With the situation of climate change affecting many regions across the world, the unreliable rainfall and poor soils as a result of overpopulation, pearl millet remains one of the most resilient crop varieties and an important source of natural nutrition for millions of people.

In Namibia pearl millet is known as “mahangu”, grown in the northern and north eastern regions of the country where it is a staple food.

Unlike maize, the mahangu crop grows easily in these parts of the country due to its ability to withstand harsh weather conditions such as little rainfall or flooding. In addition mahangu does not require much fertilizers or expensive pest control measures.

Although cultivating mahangu is a long and labour-intensive process, done mostly by women and their children, it has been the source of sustenance for livelihoods of the people of northern Namibia over several centuries.

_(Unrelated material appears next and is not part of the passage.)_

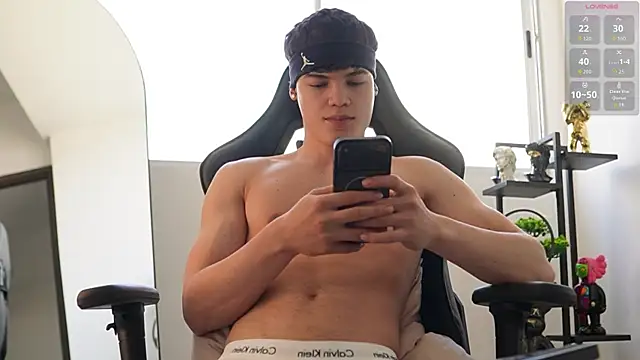 Max cortes1 online show from 10-21-25, 04:50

The mahangu grains are ground into a flour, which is cooked into a thick lump of porridge called “oshifima” and eaten with relish in the form of wild spinach called “ombidi” or “evanda”. Oshifima may also be eaten with meat or chicken relish, or with fermented milk.

Mahangu flour may also be fermented to make a drink called “oshikundu” which is an energy-booster for people at work. Mahangu can also be brewed to make an alcoholic drink called “omalodu” which is drunk during celebratory occasions.

In Namibia pearl millet (mahangu) was declared by the Government in May 2008 as a controlled crop in order to control the imports and exports of mahangu grains.